=== Exercise details ===
Only the lines of the listing below that run from the line with "Purple anti-yellow shampoo" through the line with "Lovely Chandelier With" are to be set down, word for word. Pictures stay out.

=== Supplied records ===
********************
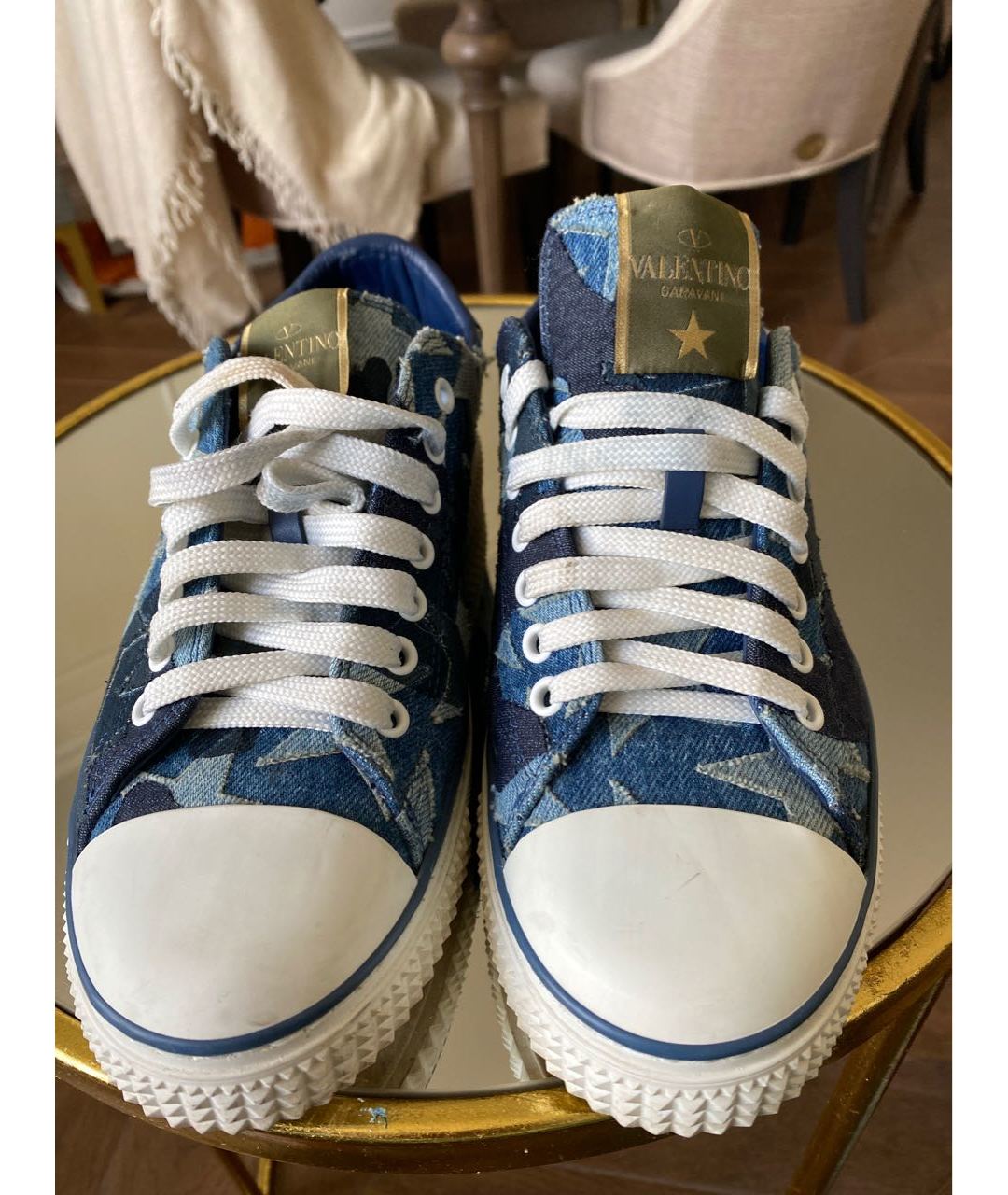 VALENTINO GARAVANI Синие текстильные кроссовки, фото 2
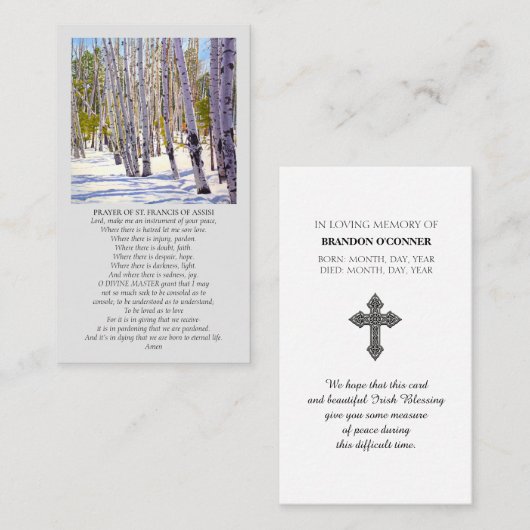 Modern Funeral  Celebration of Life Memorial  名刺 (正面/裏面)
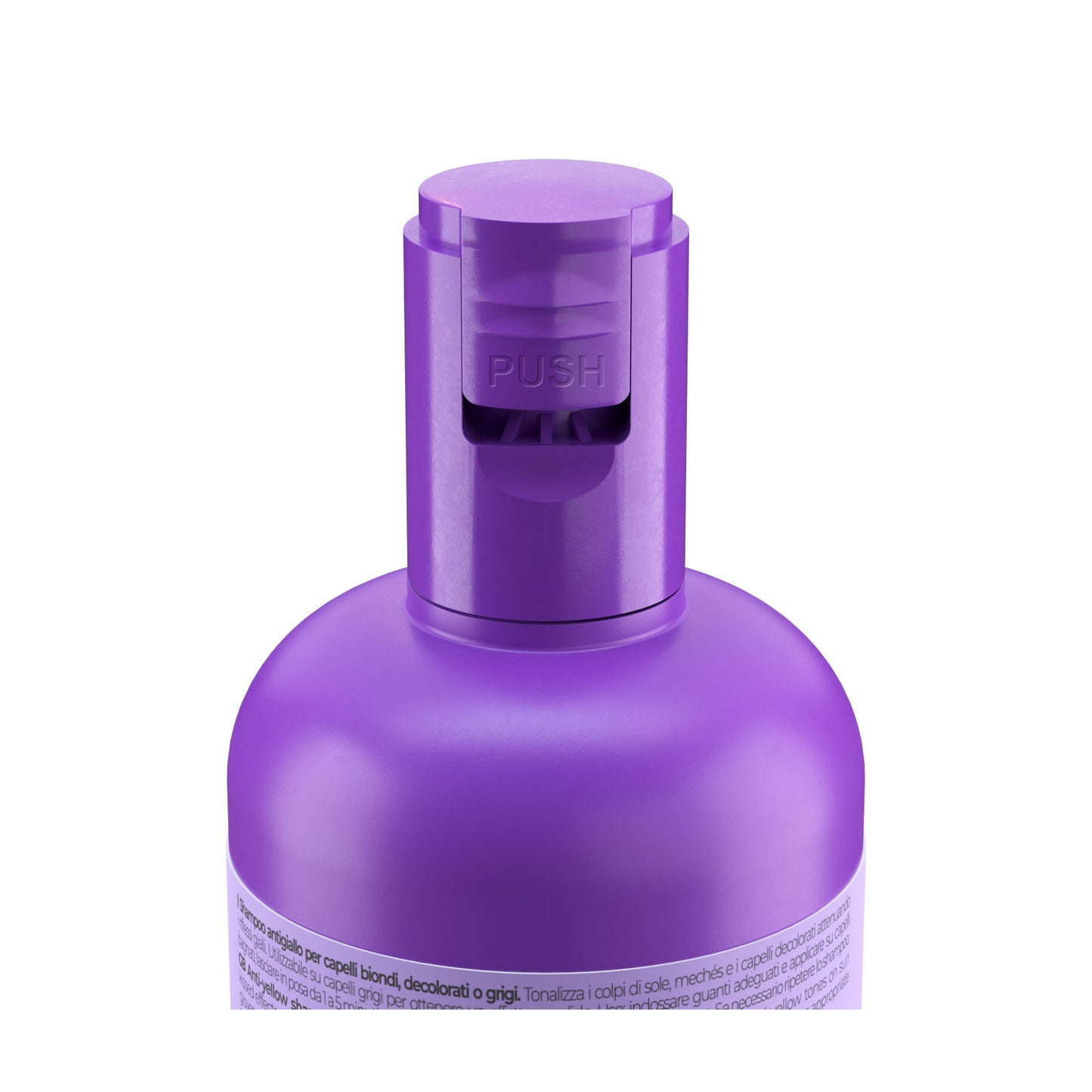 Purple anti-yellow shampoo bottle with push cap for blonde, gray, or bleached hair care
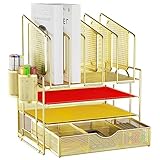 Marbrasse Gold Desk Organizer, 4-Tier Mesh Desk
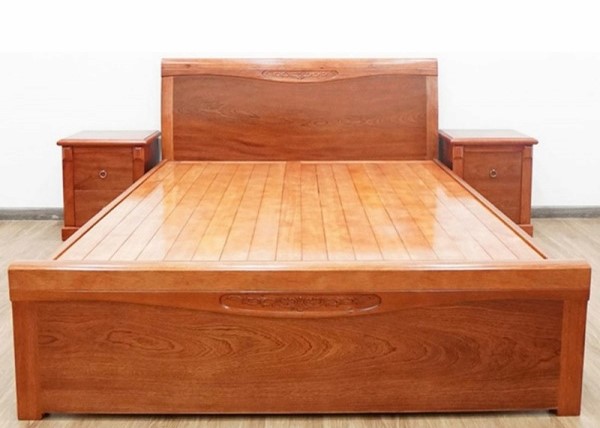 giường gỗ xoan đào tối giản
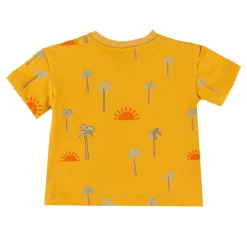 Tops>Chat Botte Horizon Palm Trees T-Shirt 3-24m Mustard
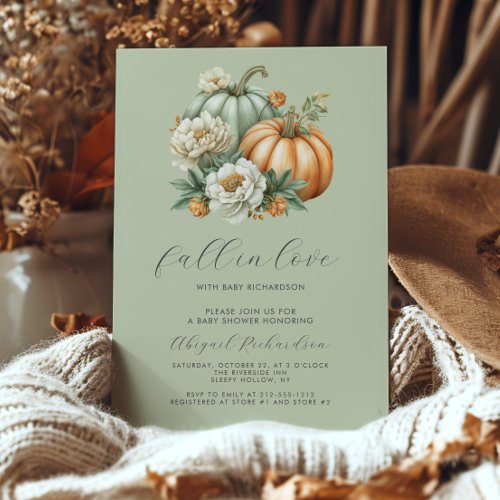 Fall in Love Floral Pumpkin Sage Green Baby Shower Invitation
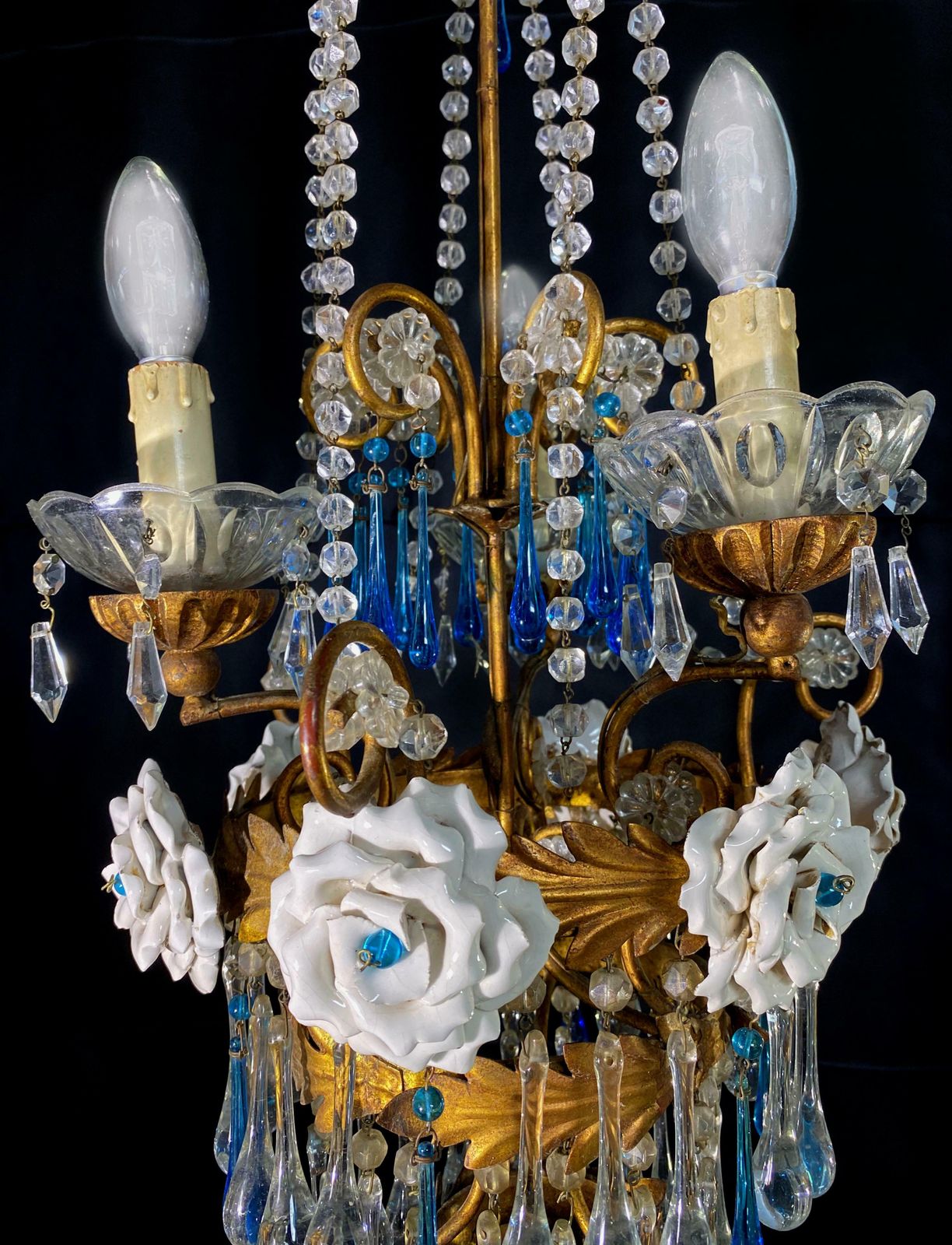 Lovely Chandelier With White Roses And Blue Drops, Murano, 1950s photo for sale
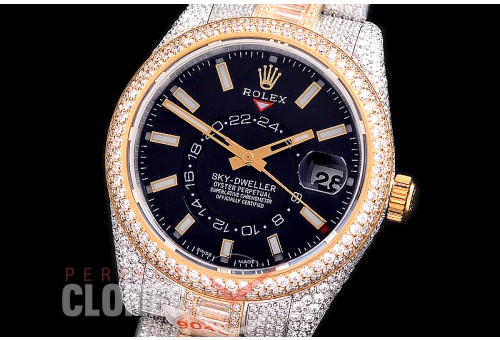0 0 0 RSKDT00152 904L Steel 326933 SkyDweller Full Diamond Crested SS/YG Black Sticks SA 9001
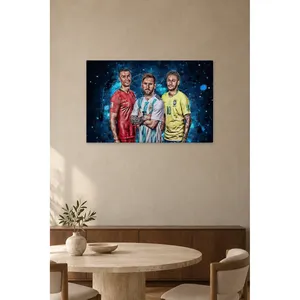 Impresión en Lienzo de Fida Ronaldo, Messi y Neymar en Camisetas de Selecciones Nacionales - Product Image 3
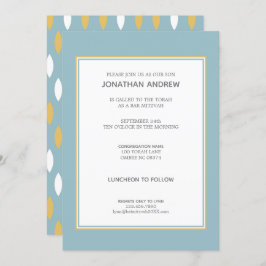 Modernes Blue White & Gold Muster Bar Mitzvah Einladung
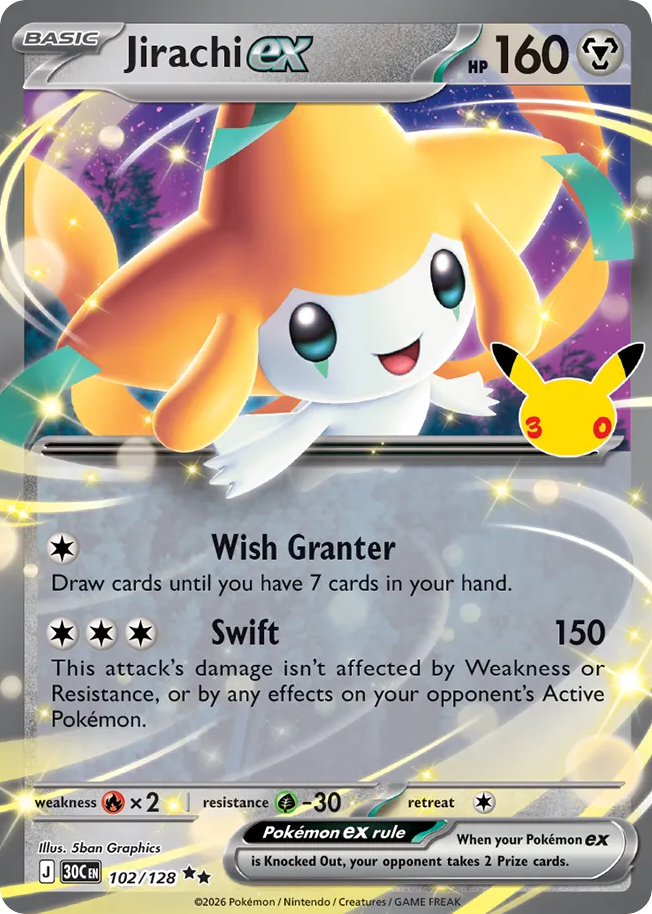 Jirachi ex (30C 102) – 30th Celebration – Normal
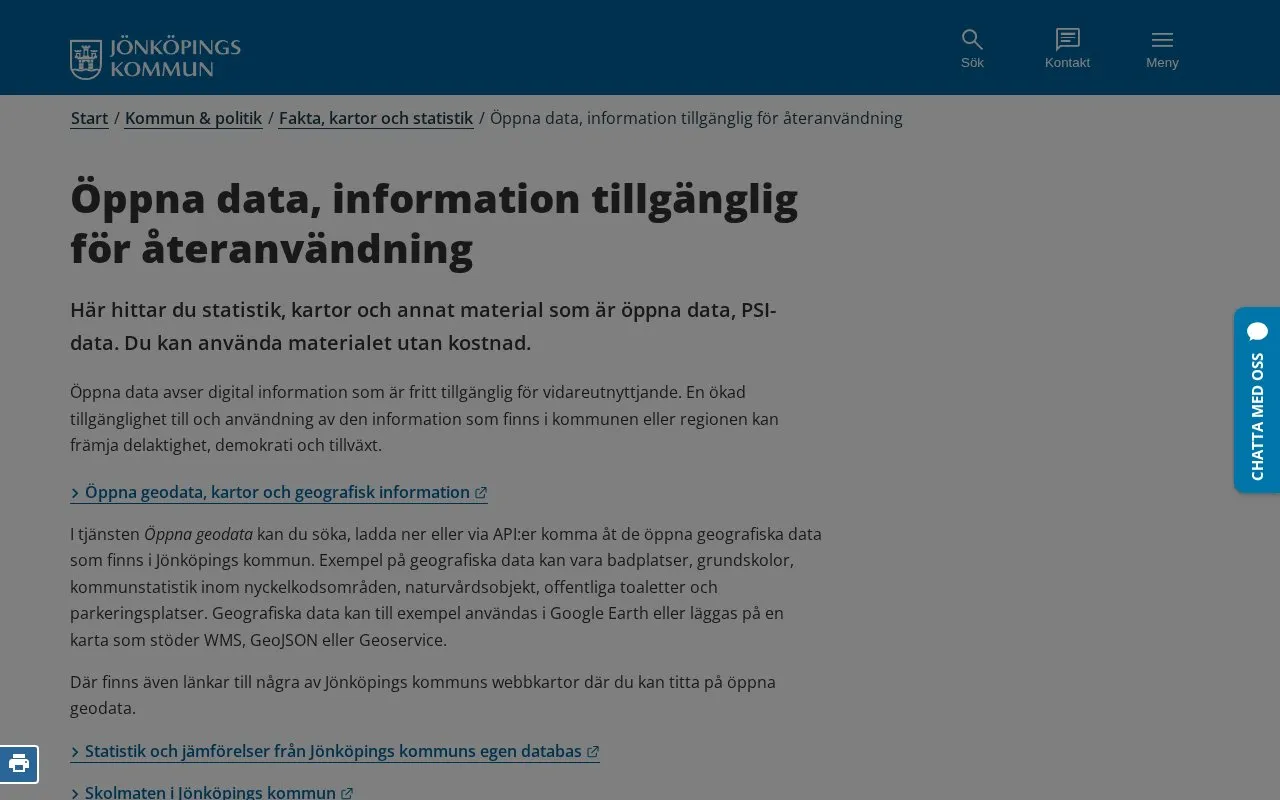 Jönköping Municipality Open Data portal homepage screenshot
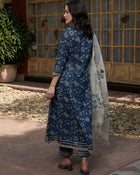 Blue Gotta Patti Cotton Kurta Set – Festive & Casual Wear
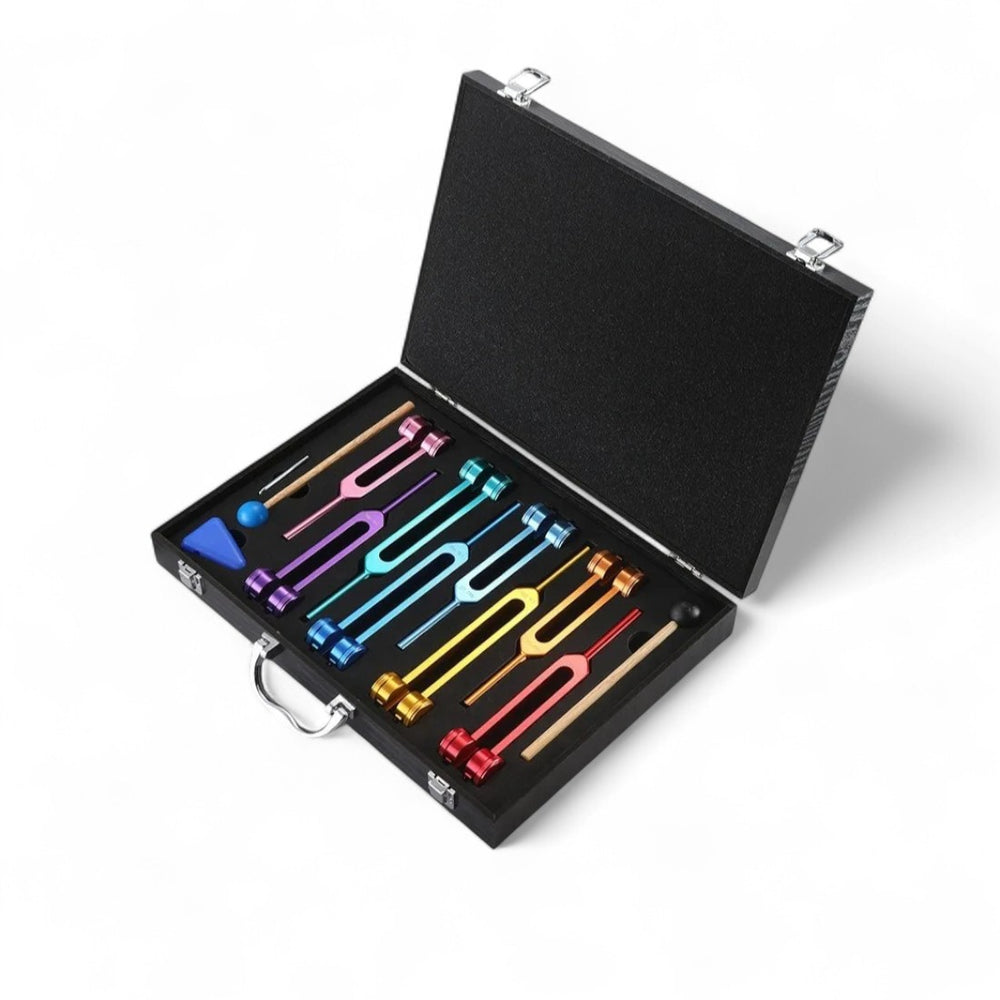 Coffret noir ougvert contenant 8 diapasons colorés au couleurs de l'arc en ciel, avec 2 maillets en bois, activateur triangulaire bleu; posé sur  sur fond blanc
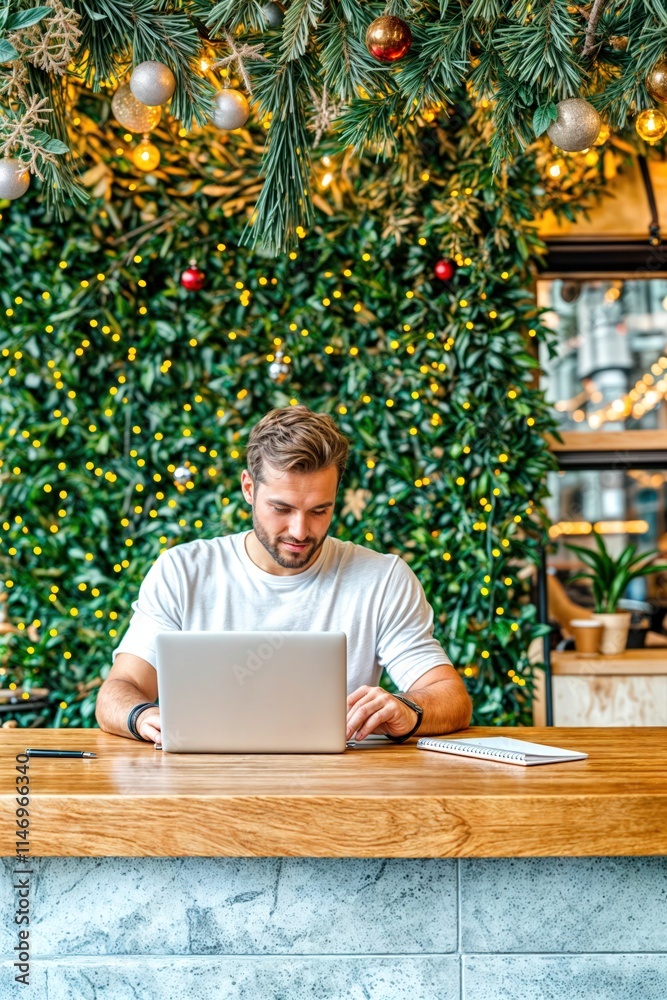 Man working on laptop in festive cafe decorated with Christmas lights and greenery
********************
=== The answer ===
 Purple anti-yellow shampoo bottle with push cap for blonde, gray, or bleached hair care
 Marbrasse Gold Desk Organizer, 4-Tier Mesh Desk
 giường gỗ xoan đào tối giản
 Tops>Chat Botte Horizon Palm Trees T-Shirt 3-24m Mustard
 Fall in Love Floral Pumpkin Sage Green Baby Shower Invitation
 Lovely Chandelier With White Roses And Blue Drops, Murano, 1950s photo for sale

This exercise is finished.